### WHAT YOU NEED TO DO
Give the data again exactly, without images.

### PROVIDED MATERIAL
▼

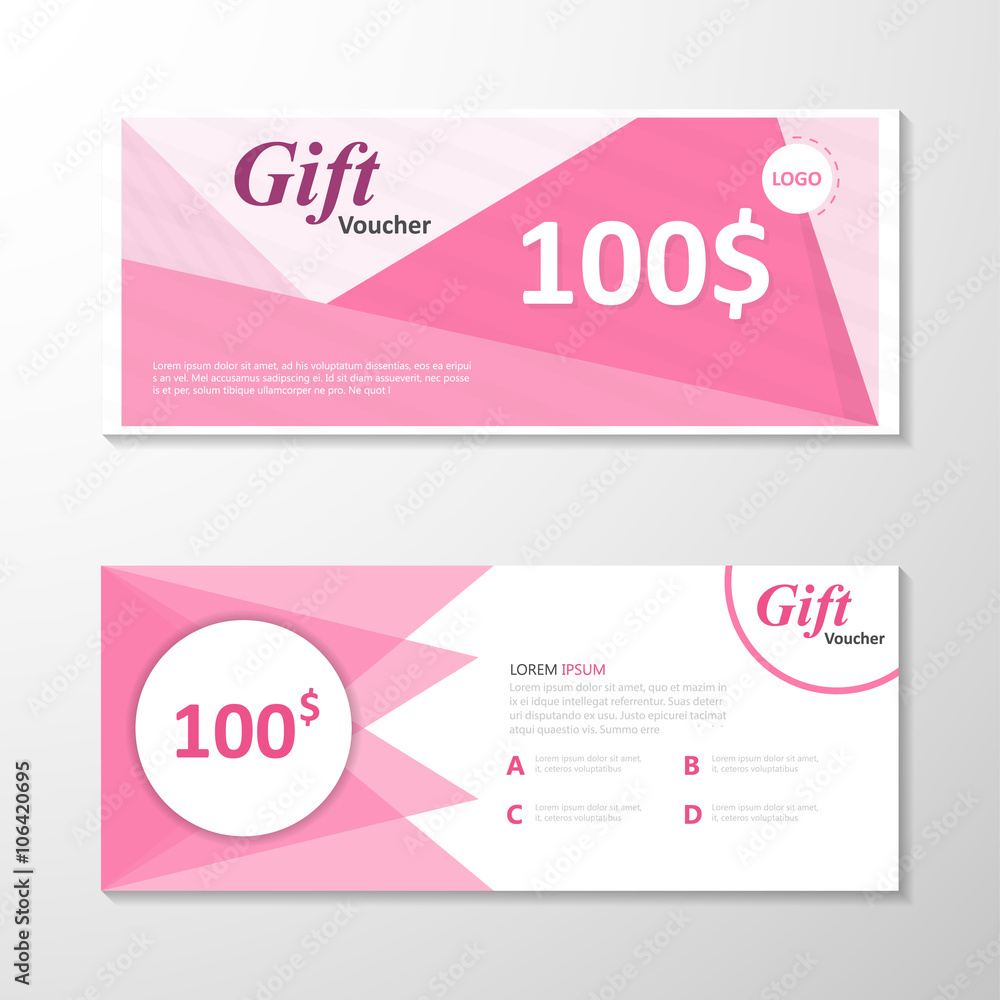 Premium elegance pink gift voucher template layout design set Within Pink Gift Certificate Template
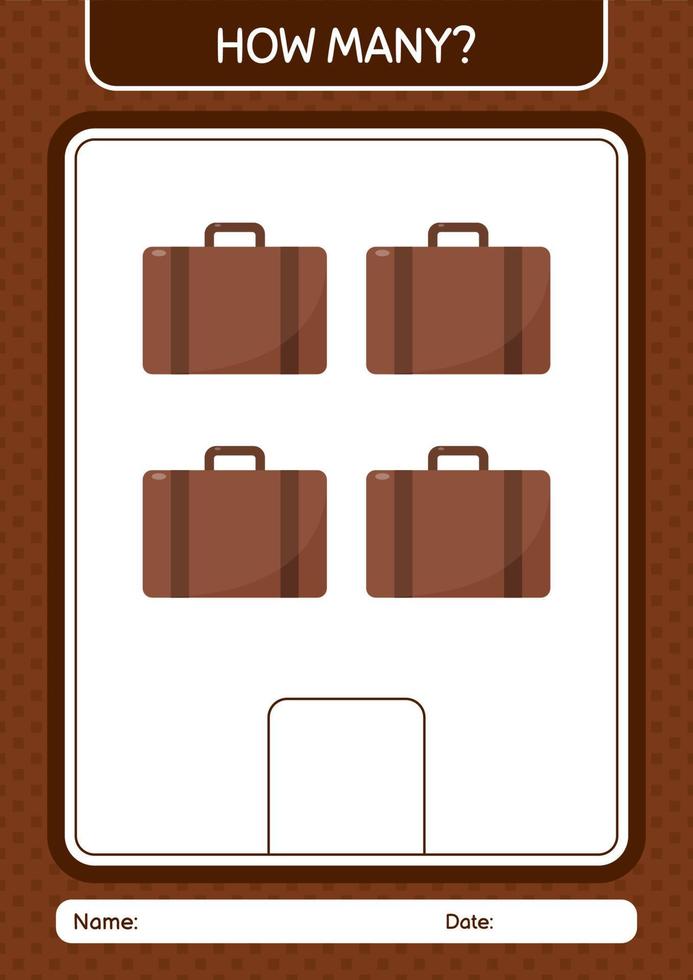 How many counting game with suitcase. worksheet for preschool kids, kids activity sheet vector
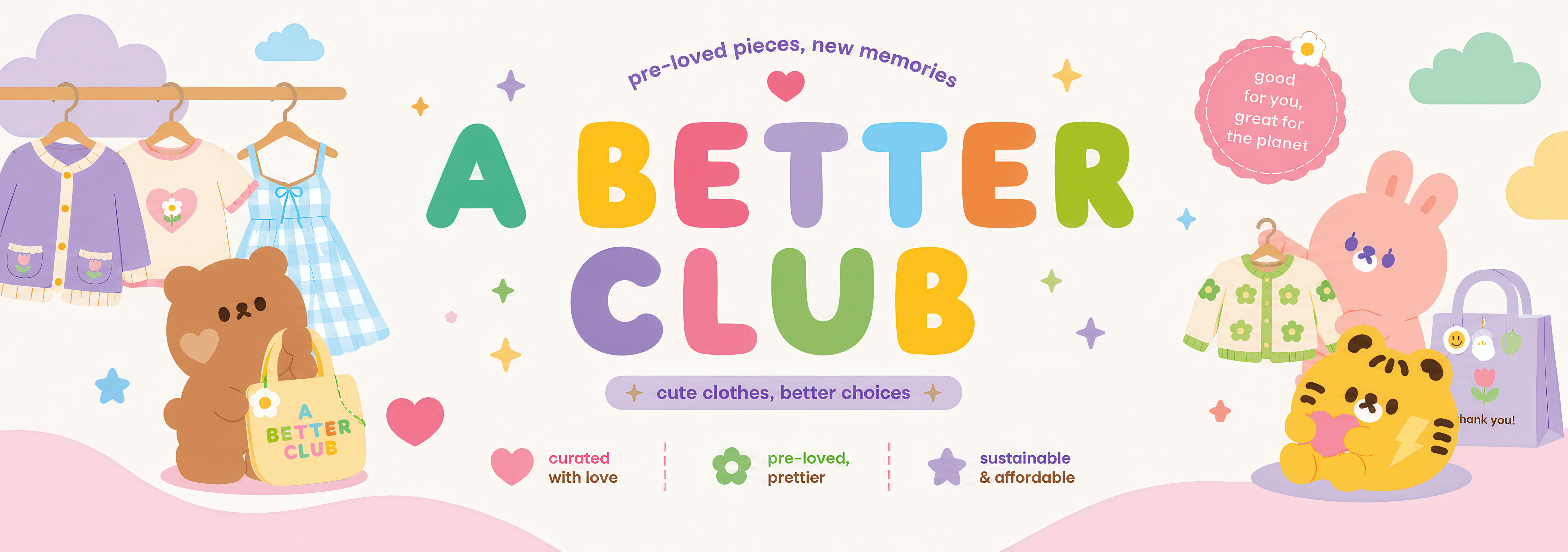 A Better Club pastel banner with clothing, friendly characters, and colorful brand lettering.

▲

### TASK ANSWER
 Premium elegance pink gift voucher template layout design set Within Pink Gift Certificate Template
 How many counting game with suitcase. worksheet for preschool kids, kids activity sheet vector
 A Better Club pastel banner with clothing, friendly characters, and colorful brand lettering.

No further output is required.